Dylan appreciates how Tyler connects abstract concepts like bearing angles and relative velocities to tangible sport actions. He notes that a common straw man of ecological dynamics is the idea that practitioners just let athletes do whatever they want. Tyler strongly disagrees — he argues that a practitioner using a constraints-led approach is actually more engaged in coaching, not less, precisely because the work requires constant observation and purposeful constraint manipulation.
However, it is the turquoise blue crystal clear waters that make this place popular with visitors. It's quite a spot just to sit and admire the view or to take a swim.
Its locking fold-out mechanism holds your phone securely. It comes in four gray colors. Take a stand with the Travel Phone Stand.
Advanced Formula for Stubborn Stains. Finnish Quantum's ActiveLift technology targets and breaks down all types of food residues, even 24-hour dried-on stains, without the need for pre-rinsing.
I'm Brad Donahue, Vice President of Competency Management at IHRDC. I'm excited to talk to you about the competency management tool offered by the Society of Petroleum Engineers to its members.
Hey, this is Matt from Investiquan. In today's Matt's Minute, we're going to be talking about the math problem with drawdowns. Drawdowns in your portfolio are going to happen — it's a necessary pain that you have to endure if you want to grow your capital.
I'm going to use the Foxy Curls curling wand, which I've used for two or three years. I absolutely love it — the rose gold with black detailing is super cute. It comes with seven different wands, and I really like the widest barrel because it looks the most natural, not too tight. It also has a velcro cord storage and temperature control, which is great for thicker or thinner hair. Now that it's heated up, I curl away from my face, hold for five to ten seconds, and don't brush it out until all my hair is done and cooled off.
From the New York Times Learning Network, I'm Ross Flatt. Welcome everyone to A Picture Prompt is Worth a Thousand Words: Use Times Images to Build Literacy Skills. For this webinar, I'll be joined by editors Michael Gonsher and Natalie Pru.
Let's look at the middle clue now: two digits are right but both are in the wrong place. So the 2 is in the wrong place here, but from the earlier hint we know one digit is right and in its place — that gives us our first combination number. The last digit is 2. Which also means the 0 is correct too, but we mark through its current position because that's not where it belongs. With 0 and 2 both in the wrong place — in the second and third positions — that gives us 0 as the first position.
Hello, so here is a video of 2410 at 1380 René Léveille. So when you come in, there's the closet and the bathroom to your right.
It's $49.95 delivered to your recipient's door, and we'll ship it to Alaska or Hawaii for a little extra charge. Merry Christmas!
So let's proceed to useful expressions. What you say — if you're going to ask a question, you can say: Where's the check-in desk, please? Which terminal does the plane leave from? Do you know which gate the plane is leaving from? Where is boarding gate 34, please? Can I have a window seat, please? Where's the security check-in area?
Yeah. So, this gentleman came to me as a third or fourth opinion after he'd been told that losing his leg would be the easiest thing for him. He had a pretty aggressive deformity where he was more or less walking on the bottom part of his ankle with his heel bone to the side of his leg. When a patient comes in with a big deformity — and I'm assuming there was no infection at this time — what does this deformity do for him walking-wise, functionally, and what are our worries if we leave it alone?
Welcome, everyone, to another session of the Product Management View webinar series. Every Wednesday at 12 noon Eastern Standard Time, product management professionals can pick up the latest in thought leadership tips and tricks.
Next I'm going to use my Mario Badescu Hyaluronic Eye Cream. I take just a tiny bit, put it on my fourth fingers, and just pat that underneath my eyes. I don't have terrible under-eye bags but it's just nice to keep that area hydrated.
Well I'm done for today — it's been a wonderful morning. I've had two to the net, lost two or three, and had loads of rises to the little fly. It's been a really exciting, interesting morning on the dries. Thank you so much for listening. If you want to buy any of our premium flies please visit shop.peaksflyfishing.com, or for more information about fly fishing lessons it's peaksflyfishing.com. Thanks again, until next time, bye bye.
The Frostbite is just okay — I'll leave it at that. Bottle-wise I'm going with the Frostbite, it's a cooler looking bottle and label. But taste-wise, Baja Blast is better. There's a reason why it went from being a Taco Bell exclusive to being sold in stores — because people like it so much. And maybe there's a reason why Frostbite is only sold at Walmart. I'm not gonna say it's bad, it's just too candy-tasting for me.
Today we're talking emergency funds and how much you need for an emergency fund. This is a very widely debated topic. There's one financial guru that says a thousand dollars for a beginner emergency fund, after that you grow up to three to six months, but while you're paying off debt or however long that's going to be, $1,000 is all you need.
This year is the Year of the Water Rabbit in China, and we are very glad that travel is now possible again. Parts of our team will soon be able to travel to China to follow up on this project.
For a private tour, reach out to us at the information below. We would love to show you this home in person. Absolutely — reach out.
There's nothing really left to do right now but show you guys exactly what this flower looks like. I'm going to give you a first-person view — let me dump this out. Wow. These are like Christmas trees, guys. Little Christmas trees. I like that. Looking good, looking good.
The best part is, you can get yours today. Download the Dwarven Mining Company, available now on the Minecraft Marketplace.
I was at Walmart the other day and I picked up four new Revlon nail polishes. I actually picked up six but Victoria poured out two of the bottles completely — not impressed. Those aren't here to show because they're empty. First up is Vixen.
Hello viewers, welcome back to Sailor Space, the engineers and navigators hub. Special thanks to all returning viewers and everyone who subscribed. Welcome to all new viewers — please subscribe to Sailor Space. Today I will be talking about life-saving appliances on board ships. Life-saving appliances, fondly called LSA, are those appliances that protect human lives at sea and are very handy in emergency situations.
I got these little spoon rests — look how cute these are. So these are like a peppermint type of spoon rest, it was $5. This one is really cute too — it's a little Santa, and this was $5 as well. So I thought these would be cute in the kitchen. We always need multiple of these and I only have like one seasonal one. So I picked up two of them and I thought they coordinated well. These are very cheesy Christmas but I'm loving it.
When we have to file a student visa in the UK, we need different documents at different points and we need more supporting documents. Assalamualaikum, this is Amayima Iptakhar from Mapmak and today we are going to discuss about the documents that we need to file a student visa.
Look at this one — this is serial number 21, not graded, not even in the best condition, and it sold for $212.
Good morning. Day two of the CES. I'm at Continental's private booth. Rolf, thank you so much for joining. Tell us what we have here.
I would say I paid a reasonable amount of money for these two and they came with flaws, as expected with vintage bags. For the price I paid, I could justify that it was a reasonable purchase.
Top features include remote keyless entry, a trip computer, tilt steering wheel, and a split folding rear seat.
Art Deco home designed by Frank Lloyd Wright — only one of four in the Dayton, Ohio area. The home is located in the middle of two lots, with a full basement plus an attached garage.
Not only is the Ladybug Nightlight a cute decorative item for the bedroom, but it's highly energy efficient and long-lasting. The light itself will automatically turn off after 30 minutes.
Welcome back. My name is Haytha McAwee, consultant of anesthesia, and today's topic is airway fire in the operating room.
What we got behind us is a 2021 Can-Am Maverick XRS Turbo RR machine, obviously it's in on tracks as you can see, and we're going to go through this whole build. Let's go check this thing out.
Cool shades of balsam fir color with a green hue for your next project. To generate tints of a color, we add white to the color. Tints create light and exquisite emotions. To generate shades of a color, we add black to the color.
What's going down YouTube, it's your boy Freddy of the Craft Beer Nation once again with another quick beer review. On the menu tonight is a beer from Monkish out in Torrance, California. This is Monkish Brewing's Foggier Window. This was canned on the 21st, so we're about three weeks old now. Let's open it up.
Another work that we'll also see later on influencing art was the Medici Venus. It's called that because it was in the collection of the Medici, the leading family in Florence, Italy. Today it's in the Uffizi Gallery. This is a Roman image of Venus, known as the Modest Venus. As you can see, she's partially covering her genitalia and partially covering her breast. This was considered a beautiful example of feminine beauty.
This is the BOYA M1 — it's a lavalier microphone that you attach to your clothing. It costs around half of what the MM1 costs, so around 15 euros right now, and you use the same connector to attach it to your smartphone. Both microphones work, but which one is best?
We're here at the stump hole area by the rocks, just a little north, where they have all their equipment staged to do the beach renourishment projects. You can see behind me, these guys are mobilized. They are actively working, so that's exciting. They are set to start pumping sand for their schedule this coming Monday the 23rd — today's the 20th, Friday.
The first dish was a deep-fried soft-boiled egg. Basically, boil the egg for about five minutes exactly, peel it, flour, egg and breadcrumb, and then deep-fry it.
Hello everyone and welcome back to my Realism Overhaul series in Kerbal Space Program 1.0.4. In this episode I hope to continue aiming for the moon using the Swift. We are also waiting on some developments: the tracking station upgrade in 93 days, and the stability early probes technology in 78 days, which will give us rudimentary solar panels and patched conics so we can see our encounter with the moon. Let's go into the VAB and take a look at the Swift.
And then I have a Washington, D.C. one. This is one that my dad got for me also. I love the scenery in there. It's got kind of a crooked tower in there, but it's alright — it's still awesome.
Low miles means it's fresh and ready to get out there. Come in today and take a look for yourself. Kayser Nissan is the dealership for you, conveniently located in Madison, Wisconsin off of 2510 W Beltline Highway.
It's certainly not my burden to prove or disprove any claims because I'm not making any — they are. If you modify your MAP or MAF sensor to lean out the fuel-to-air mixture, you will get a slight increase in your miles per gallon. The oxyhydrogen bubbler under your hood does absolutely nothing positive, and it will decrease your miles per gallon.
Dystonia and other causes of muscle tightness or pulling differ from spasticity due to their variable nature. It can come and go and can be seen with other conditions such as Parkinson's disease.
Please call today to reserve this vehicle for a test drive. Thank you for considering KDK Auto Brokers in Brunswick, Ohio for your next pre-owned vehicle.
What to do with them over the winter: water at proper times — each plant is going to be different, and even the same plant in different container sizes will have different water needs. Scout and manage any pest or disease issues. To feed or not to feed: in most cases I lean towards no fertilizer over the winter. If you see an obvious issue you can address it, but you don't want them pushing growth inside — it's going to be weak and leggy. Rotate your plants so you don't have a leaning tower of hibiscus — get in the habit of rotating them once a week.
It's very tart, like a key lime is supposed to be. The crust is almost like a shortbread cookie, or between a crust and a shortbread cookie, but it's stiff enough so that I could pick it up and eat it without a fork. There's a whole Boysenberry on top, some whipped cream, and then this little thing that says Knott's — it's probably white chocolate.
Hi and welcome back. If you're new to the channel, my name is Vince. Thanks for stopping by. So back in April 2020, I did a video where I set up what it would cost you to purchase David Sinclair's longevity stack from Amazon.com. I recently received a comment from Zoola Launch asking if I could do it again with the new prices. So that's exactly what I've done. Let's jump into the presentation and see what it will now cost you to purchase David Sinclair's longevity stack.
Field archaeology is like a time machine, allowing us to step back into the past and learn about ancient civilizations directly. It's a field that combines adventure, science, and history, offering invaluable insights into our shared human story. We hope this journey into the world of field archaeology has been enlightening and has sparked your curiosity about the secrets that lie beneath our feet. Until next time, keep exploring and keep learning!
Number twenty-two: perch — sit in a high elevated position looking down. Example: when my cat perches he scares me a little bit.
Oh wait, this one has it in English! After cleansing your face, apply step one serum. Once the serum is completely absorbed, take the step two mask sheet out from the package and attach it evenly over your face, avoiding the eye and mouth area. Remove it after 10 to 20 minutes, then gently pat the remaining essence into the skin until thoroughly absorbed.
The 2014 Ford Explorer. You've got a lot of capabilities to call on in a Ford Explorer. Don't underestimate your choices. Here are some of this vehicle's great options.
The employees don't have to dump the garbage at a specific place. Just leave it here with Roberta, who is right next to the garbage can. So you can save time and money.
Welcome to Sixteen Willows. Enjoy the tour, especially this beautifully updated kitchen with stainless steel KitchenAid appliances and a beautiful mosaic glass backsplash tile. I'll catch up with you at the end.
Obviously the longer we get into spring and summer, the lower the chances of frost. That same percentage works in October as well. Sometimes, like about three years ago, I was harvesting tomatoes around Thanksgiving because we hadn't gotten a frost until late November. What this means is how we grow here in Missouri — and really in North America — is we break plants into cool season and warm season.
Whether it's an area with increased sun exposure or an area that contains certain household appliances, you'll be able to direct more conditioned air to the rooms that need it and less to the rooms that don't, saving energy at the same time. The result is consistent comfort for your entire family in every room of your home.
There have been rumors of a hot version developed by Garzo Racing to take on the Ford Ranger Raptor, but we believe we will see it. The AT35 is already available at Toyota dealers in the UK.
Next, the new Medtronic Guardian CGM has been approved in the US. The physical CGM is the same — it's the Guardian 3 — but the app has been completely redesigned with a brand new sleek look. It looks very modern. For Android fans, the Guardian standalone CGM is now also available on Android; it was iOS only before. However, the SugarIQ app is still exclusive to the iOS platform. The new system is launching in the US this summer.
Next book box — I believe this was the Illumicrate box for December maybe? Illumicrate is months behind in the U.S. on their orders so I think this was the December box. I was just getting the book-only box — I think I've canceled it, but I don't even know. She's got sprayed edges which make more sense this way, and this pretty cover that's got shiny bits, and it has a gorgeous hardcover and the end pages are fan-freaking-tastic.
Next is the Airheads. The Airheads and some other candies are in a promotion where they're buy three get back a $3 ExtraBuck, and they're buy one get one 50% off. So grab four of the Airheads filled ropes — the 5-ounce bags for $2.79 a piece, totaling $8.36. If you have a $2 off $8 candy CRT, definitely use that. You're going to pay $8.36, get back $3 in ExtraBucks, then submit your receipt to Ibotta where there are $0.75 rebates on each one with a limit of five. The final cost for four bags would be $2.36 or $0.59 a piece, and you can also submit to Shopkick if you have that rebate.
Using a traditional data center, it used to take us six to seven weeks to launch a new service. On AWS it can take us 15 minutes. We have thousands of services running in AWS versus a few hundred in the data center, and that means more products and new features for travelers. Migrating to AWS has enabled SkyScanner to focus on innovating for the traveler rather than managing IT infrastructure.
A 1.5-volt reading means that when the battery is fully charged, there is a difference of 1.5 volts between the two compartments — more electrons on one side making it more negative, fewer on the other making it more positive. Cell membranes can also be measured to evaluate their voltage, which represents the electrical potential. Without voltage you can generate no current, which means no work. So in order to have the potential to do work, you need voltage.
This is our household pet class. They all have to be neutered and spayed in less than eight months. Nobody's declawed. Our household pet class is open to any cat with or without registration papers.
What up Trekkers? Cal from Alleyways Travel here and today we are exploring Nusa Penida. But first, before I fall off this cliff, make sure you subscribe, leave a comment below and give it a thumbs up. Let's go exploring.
# # # # # # #
• _Instructions to follow_:
Among the lines above, repeat exactly those from the line with "Advanced Formula for" to the line with "It's $49.95 delivered", counting both ends.

• _Reply to the exercise_:
Advanced Formula for Stubborn Stains. Finnish Quantum's ActiveLift technology targets and breaks down all types of food residues, even 24-hour dried-on stains, without the need for pre-rinsing.
I'm Brad Donahue, Vice President of Competency Management at IHRDC. I'm excited to talk to you about the competency management tool offered by the Society of Petroleum Engineers to its members.
Hey, this is Matt from Investiquan. In today's Matt's Minute, we're going to be talking about the math problem with drawdowns. Drawdowns in your portfolio are going to happen — it's a necessary pain that you have to endure if you want to grow your capital.
I'm going to use the Foxy Curls curling wand, which I've used for two or three years. I absolutely love it — the rose gold with black detailing is super cute. It comes with seven different wands, and I really like the widest barrel because it looks the most natural, not too tight. It also has a velcro cord storage and temperature control, which is great for thicker or thinner hair. Now that it's heated up, I curl away from my face, hold for five to ten seconds, and don't brush it out until all my hair is done and cooled off.
From the New York Times Learning Network, I'm Ross Flatt. Welcome everyone to A Picture Prompt is Worth a Thousand Words: Use Times Images to Build Literacy Skills. For this webinar, I'll be joined by editors Michael Gonsher and Natalie Pru.
Let's look at the middle clue now: two digits are right but both are in the wrong place. So the 2 is in the wrong place here, but from the earlier hint we know one digit is right and in its place — that gives us our first combination number. The last digit is 2. Which also means the 0 is correct too, but we mark through its current position because that's not where it belongs. With 0 and 2 both in the wrong place — in the second and third positions — that gives us 0 as the first position.
Hello, so here is a video of 2410 at 1380 René Léveille. So when you come in, there's the closet and the bathroom to your right.
It's $49.95 delivered to your recipient's door, and we'll ship it to Alaska or Hawaii for a little extra charge. Merry Christmas!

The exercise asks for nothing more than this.